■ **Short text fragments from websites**
# # #

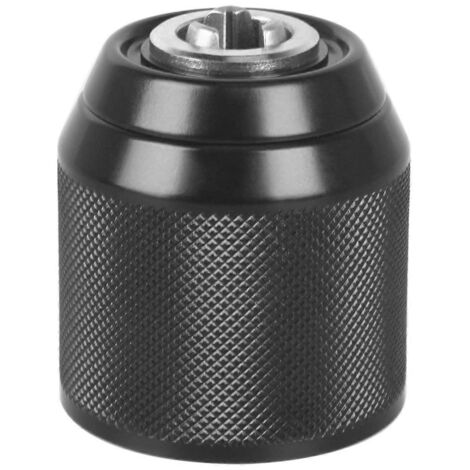 Adaptateur de mandrin de perceuse à colonne, mandrin sans clé de rechange 2-13 mm (1/5)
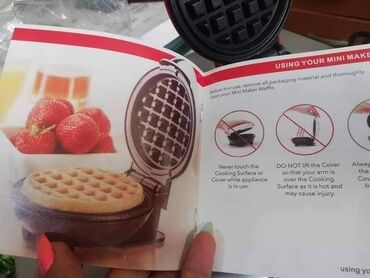 Ostali kuhinjski aparati: Mini aparat za galete
350w
CENA 1850 din — 6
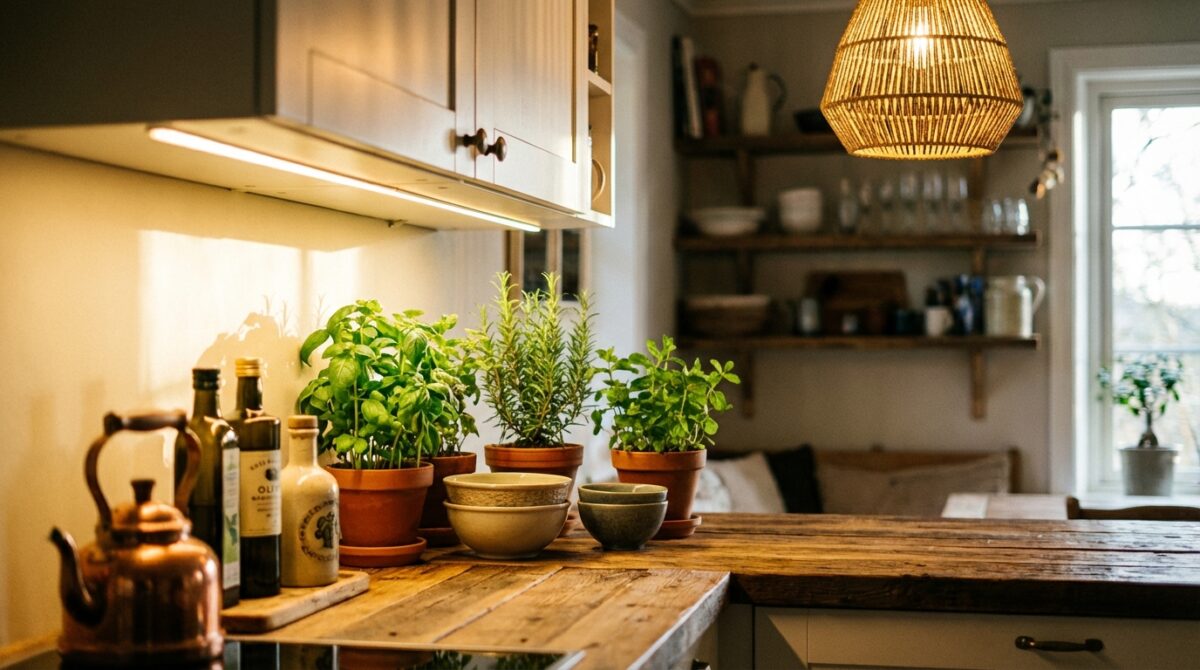 scopri perché i decoratori scelgono di spegnere la luce principale a favore di un'illuminazione più mirata e accogliente in cucina, e come questo può trasformare il tuo spazio rendendolo più funzionale e elegante.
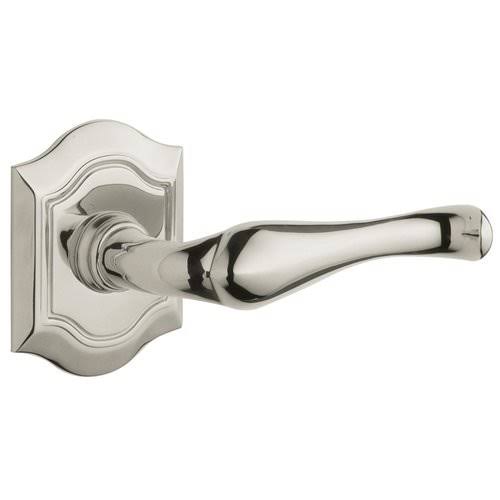 Satin Brass/Brown Lever Pair E77055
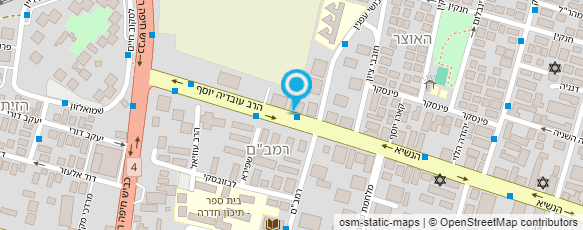 מפת הגעה אל מגדלים - כרומגן דודי שמש וחשמל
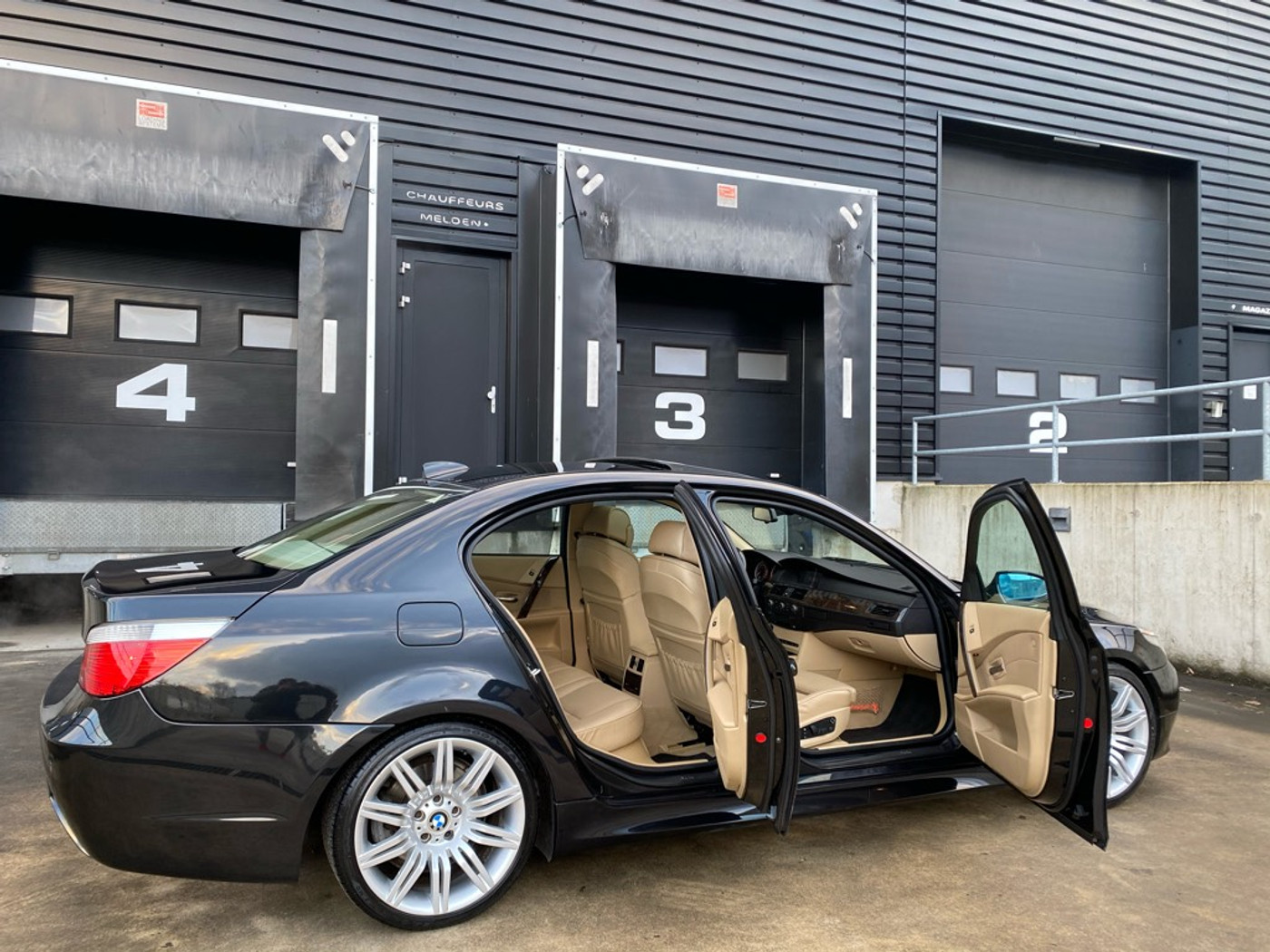 Foto van BMW 5er Reihe
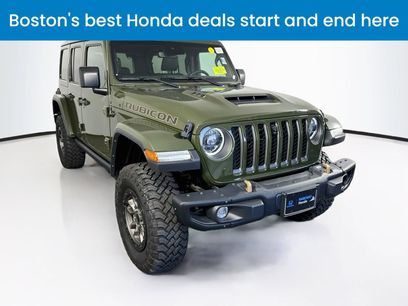 Used 2023 Jeep Wrangler Unlimited Rubicon 392 w/ Trailer Tow Package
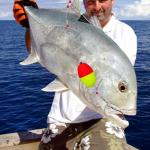 6PCS Fish Finder Rig with Float Fishing Floats and Bobbers Fishing Rigs Catfishing Tackle Floats with Hooks for Redfish Bluefish Shark and Striped Bass (6/0 Mixed Color-6 Pcs)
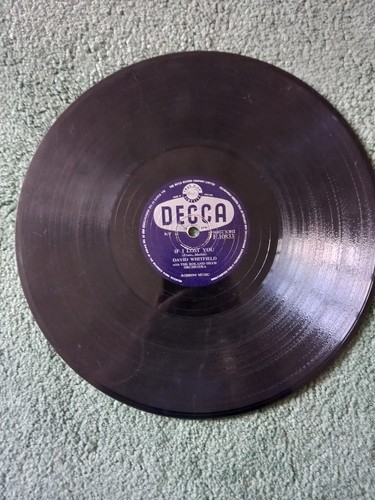 Vintage david whitfield if - vintage,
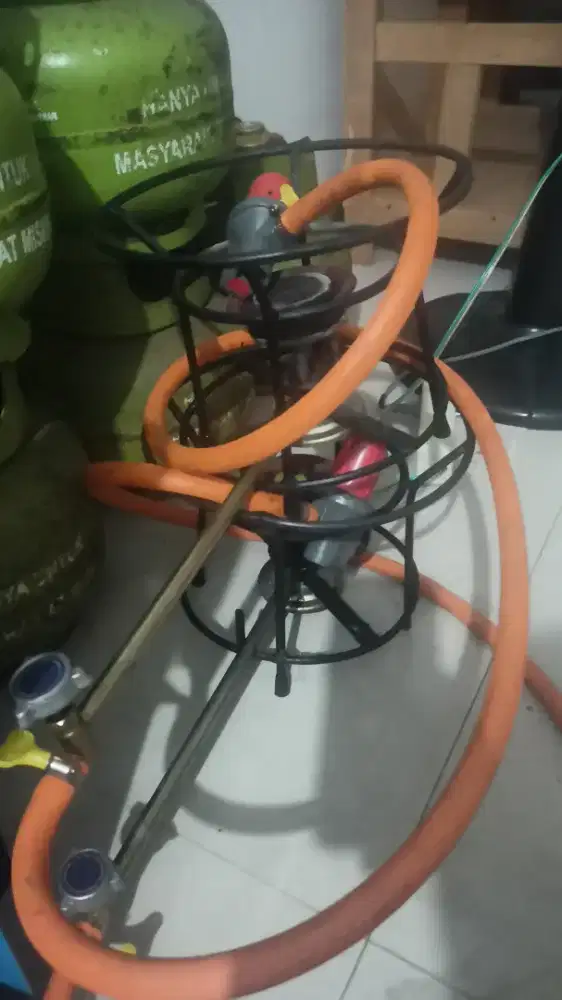 Kompor jual gorengan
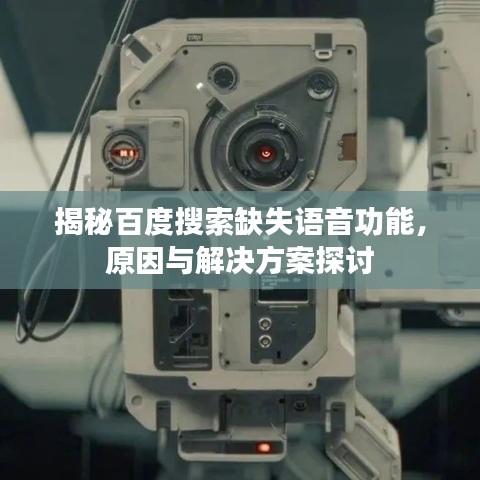 揭秘百度搜索缺失语音功能，原因与解决方案探讨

# # #

■ **Exercise aim**
Once the pictures are set aside, please output all the data word for word.

■ **Written response**
 Adaptateur de mandrin de perceuse à colonne, mandrin sans clé de rechange 2-13 mm (1/5)
 Ostali kuhinjski aparati: Mini aparat za galete
350w
CENA 1850 din — 6
 scopri perché i decoratori scelgono di spegnere la luce principale a favore di un'illuminazione più mirata e accogliente in cucina, e come questo può trasformare il tuo spazio rendendolo più funzionale e elegante.
 Satin Brass/Brown Lever Pair E77055
 מפת הגעה אל מגדלים - כרומגן דודי שמש וחשמל
 Foto van BMW 5er Reihe
 Used 2023 Jeep Wrangler Unlimited Rubicon 392 w/ Trailer Tow Package
 6PCS Fish Finder Rig with Float Fishing Floats and Bobbers Fishing Rigs Catfishing Tackle Floats with Hooks for Redfish Bluefish Shark and Striped Bass (6/0 Mixed Color-6 Pcs)
 Vintage david whitfield if - vintage,
 Kompor jual gorengan
 揭秘百度搜索缺失语音功能，原因与解决方案探讨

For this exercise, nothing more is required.